> GIVEN ENTRIES:
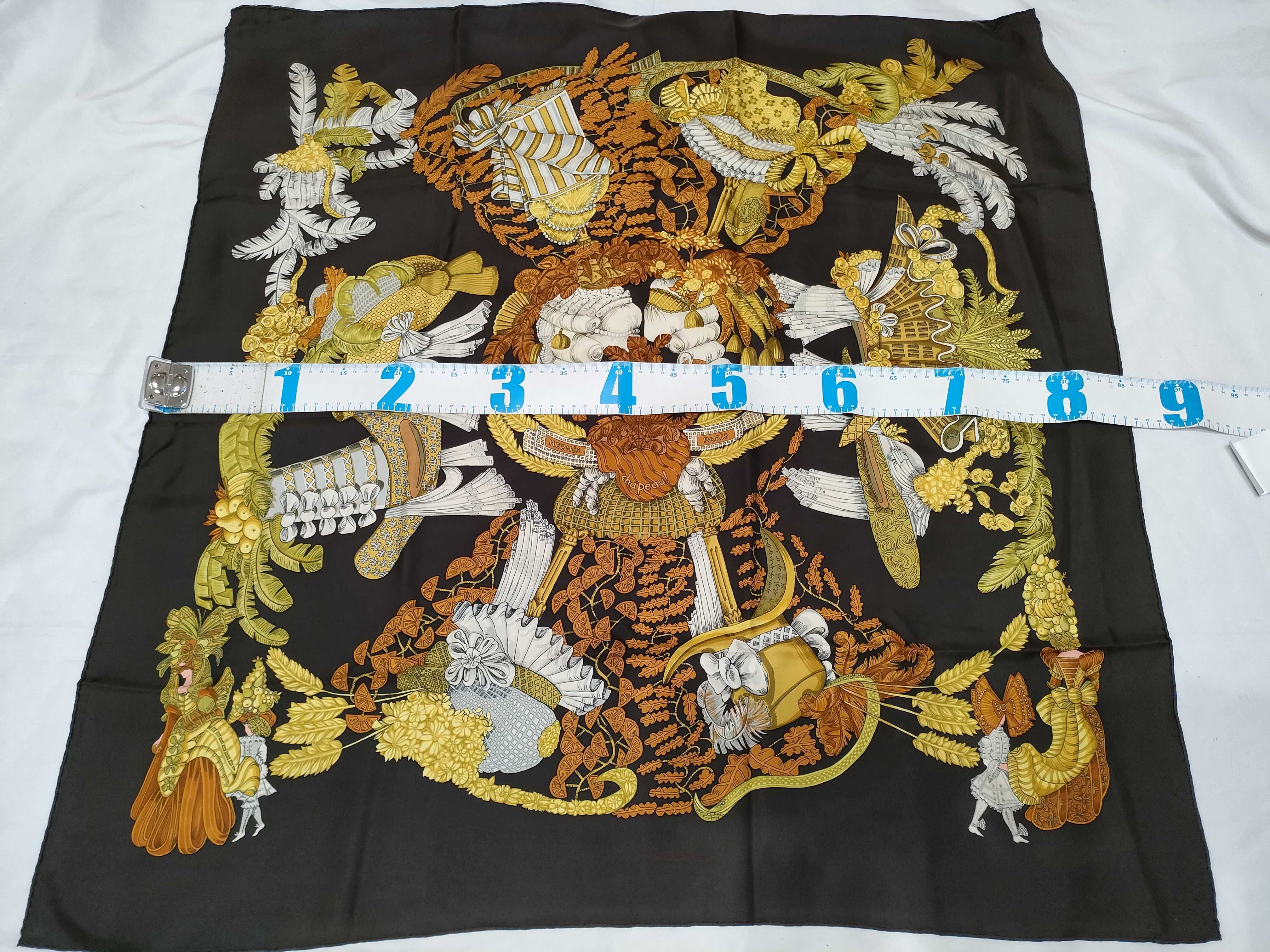 Hermes Chapeau Silk Scarf by Annie Faivre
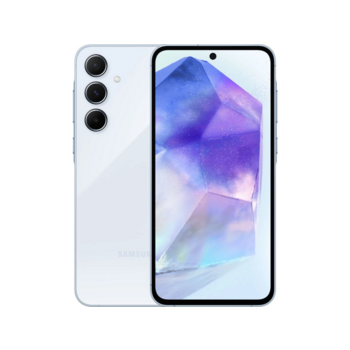 Смартфон Samsung SM-A556E Galaxy A55 5G 128Gb 8Gb голубой моноблок 3G 4G 2Sim 6.6" 1080x2340 Android 14 50Mpix 802.11 a/b/g/n/ac/ax NFC GPS GSM900/1800 GSM1900 Protect microSD max1024Gb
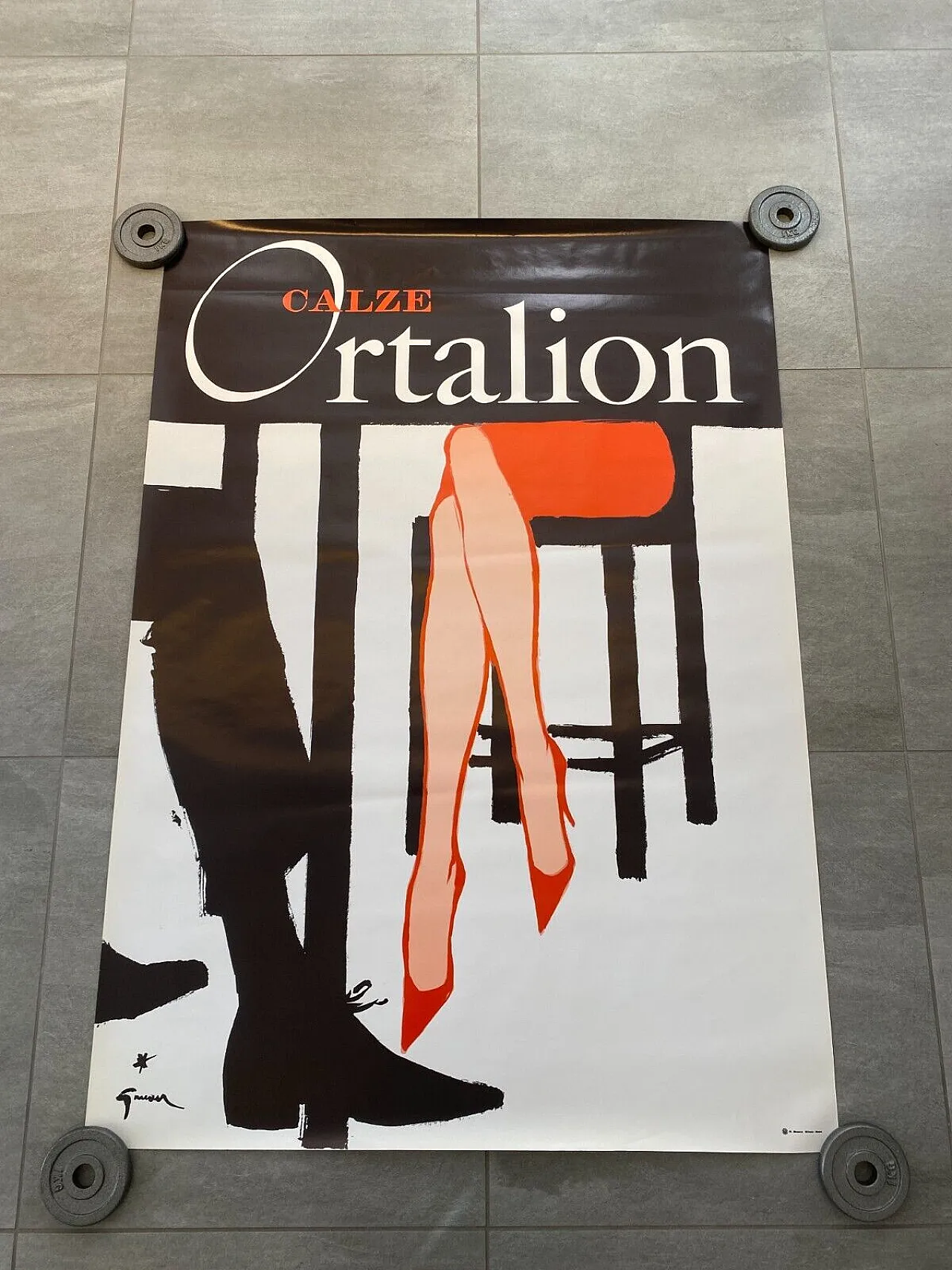René Gruau, CALZE ORTALION, poster, 1970s 2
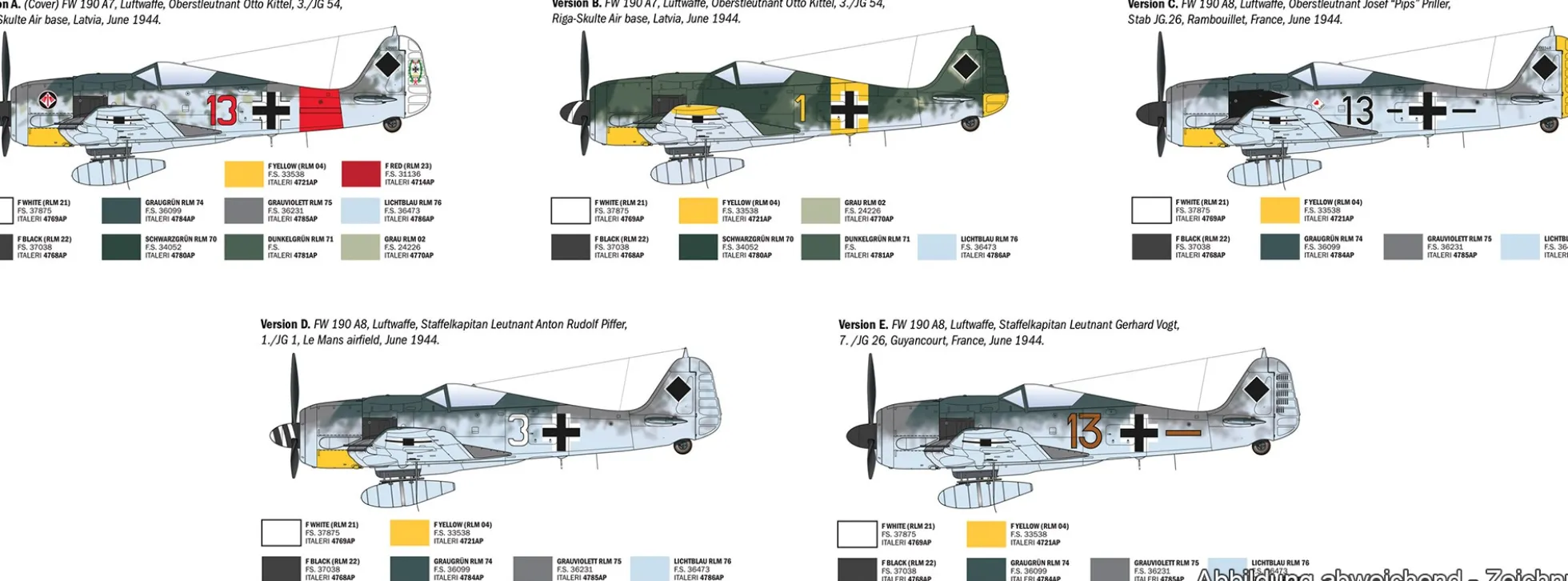 ITALERI 1490 Focke-Wulf FW 190 A-7/A8 | Flugzeug Bausatz 1:72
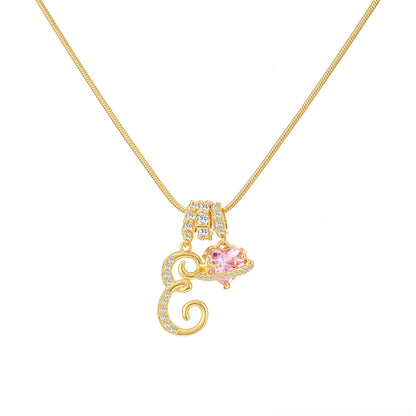 GANIA Art-Designed Personalized Name Letter Necklace, Free of Allergenic Ingredients, with Adjustable Size. It Is an Excellent Valentine'S Day Gift for Women and Girls.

> TASK: Restate the data word for word while omitting each picture.

> YOUR SOLUTION:
 Hermes Chapeau Silk Scarf by Annie Faivre
 Смартфон Samsung SM-A556E Galaxy A55 5G 128Gb 8Gb голубой моноблок 3G 4G 2Sim 6.6" 1080x2340 Android 14 50Mpix 802.11 a/b/g/n/ac/ax NFC GPS GSM900/1800 GSM1900 Protect microSD max1024Gb
René Gruau, CALZE ORTALION, poster, 1970s 2
 ITALERI 1490 Focke-Wulf FW 190 A-7/A8 | Flugzeug Bausatz 1:72
 GANIA Art-Designed Personalized Name Letter Necklace, Free of Allergenic Ingredients, with Adjustable Size. It Is an Excellent Valentine'S Day Gift for Women and Girls.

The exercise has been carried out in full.